WHAT THE TASK REQUIRES:
Excluding pictures, what does the listing below contain from the line with "Zircone Table Galimberti Nino" up to and including the line with "Bife de lomo 350g - EDQMQ", word for word?

[[ MATERIALS PROVIDED open ]]

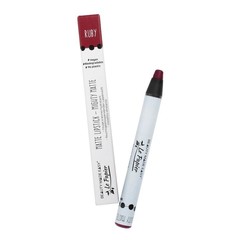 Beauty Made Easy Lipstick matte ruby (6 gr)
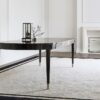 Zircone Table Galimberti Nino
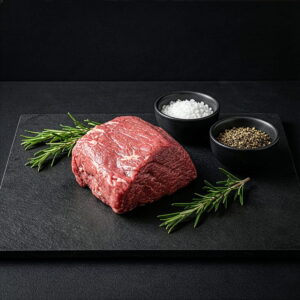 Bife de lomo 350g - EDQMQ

[[ MATERIALS PROVIDED closed ]]
[[ MATERIALS PROVIDED open ]]

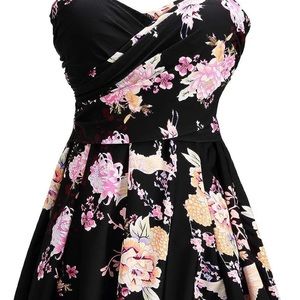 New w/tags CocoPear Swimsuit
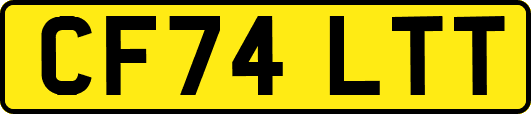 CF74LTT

[[ MATERIALS PROVIDED closed ]]

TASK SOLUTION:
 Zircone Table Galimberti Nino
 Bife de lomo 350g - EDQMQ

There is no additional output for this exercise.